Dann ging es auch schon los, wieder runter zum Funtensee und wieder rauf in das steinerne Meer. Am Vorabend konnten wir dieses schon von der Hütte aus erblicken. Das Zwischenziel war das Riemannhaus, dabei ging es durch spektakuläre Felsformationen. Schaut zwar kahl aus, ist aber irgendwie faszinierend. Kurz vor der Hütte trafen wir auch endlich wieder Menschen.
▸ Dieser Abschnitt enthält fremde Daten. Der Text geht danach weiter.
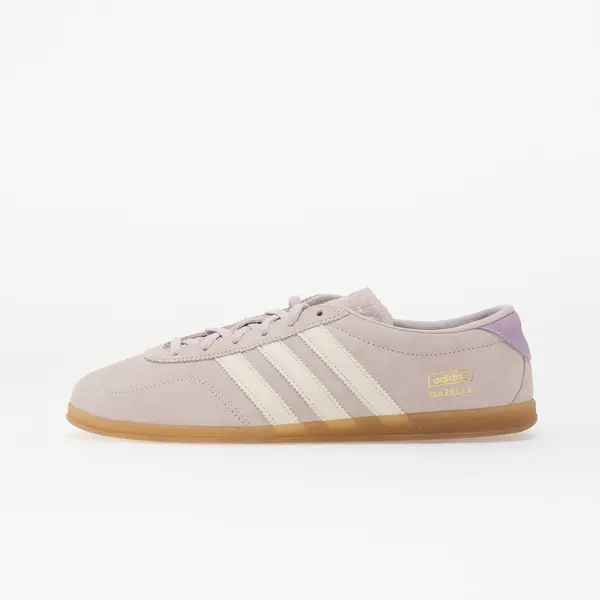 adidas Originals Сникърси adidas Gazelle Lo Pro W Ice Purple/ Core White/ Gum EUR 38 2/3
Nach einem kurzen Päuschen im Riemannhaus wanderten wir weiter durch das Meer aus Steinen, denn das Tagesziel lautete Ingolstädter Haus. Nach vielen Steinen, wenig Grün und ab und an etwas Weiß konnte man die Hütte schon erkennen, der Weg wurde jedoch etwas anspruchsvoller.
Bisher war es eine schöne Tour, auch das Wetter hat durchgehalten. Um das ganze noch zu toppen, überlegten wir uns, noch auf den 2594 Meter hohen Großen Hundstod zu klettern. Es blieb noch viel Zeit, und nach einen Germknödel ging es dann auch schon los. Nach kurzem, aber steilen Aufstieg auf schmalen Serpentinen erreichten wir den Gipfel, welcher jeweils 2 Minuten in Wolken gehüllt war, die nächsten 2 Minuten aber einen relativ guten Ausblick bot.
Nach Gipfelbuch-Lesen stolperten wir wieder zurück zur Hütte, mampften das Bergsteigeressen, und quatschten in lockerer Runde. Das Schlafgemach war hier nicht so bequem wie im Kärlingerhaus, das Matratzenlager war doppelstöckig und schweineheiß.